**Exercise details**
Set down each record below exactly as it stands. Pictures are not part of the copy.

Exercise material Start Marker

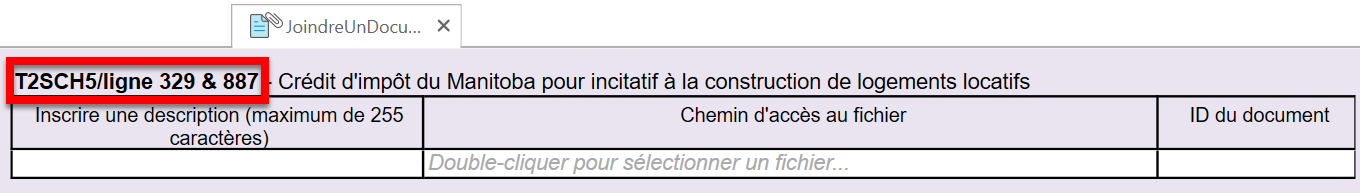 Capture d'écran : grille de calcul JoindreUnDocument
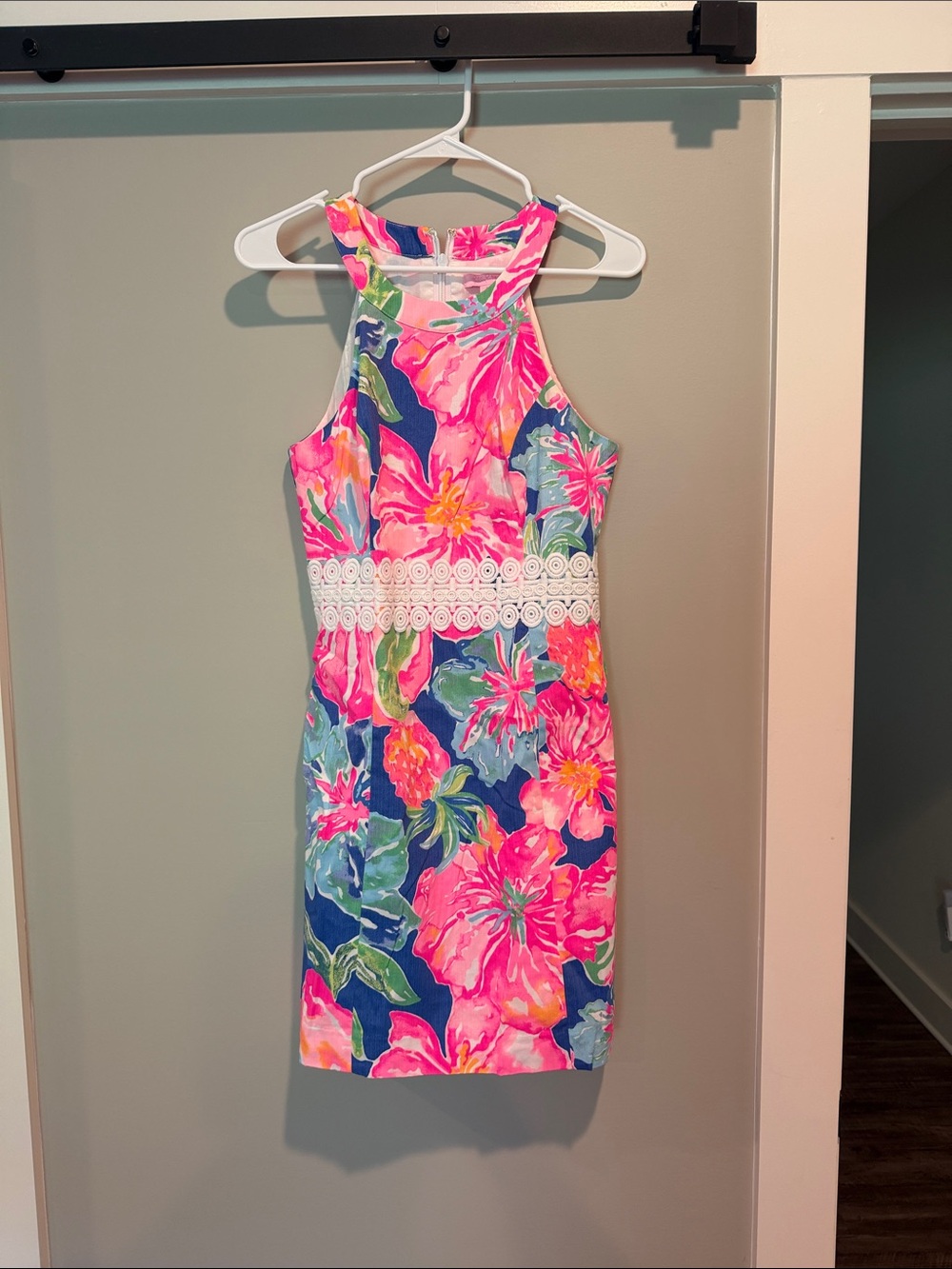 Lilly Pulitzer Pink & Blue Floral Halter Dress with Lace Waistband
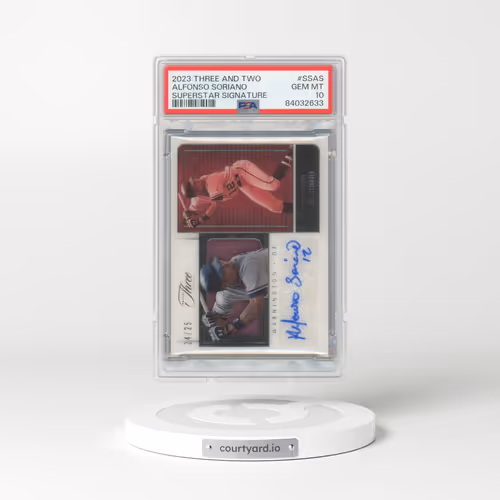 2023 Panini Three and Two Superstar Signatures #SSAS Alfonso Soriano (PSA 10 GEM MINT)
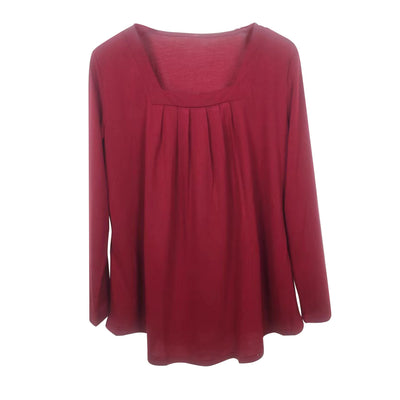 Blusa Plisada Cuello Cuadrado Manga Larga Talla Grande Algodón Imitación - Image 22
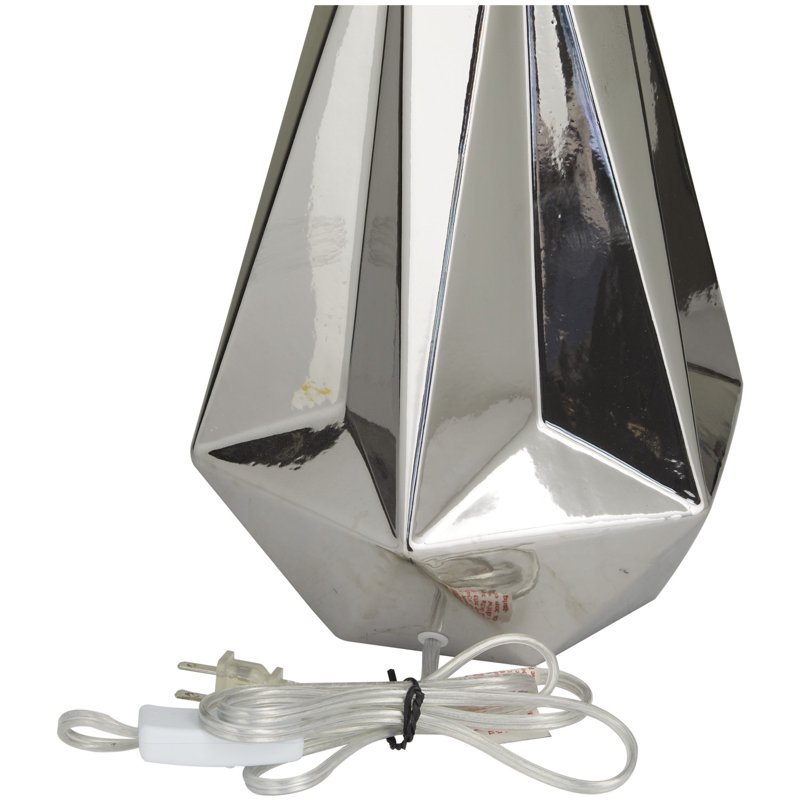 Cosmoliving By Cosmopolitan Modern Ceramic Table Lamp, Silver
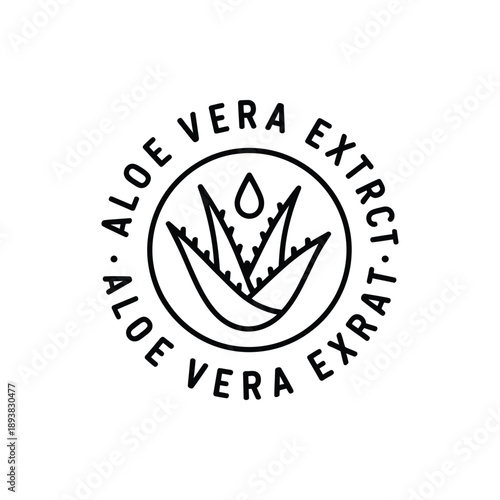 Aloe vera extract logo with plant leaf and droplet illustration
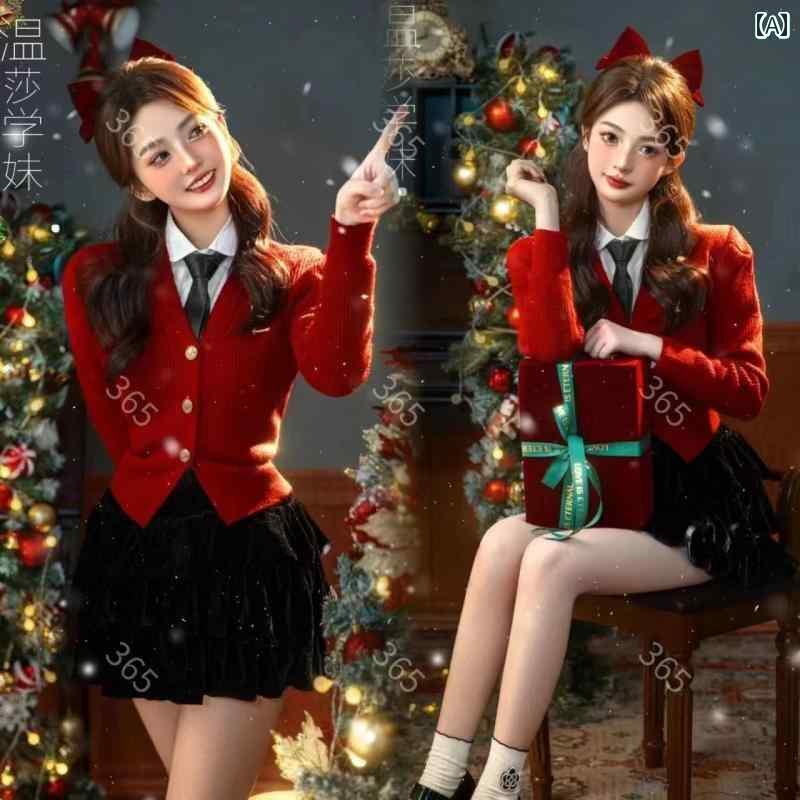 映画化 お召しもの 活動写真 写真絵 不死化 コスプレ 工芸 引き出物 クリスマス 服 冬 雪 景 御嬢さん 御嬢さん 赤 スウェーター ドレス-レディースファッション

Exercise material End Marker

**Solution below**
 Capture d'écran : grille de calcul JoindreUnDocument
 Lilly Pulitzer Pink & Blue Floral Halter Dress with Lace Waistband
 2023 Panini Three and Two Superstar Signatures #SSAS Alfonso Soriano (PSA 10 GEM MINT)
 Blusa Plisada Cuello Cuadrado Manga Larga Talla Grande Algodón Imitación - Image 22
 Cosmoliving By Cosmopolitan Modern Ceramic Table Lamp, Silver
 Aloe vera extract logo with plant leaf and droplet illustration
 映画化 お召しもの 活動写真 写真絵 不死化 コスプレ 工芸 引き出物 クリスマス 服 冬 雪 景 御嬢さん 御嬢さん 赤 スウェーター ドレス-レディースファッション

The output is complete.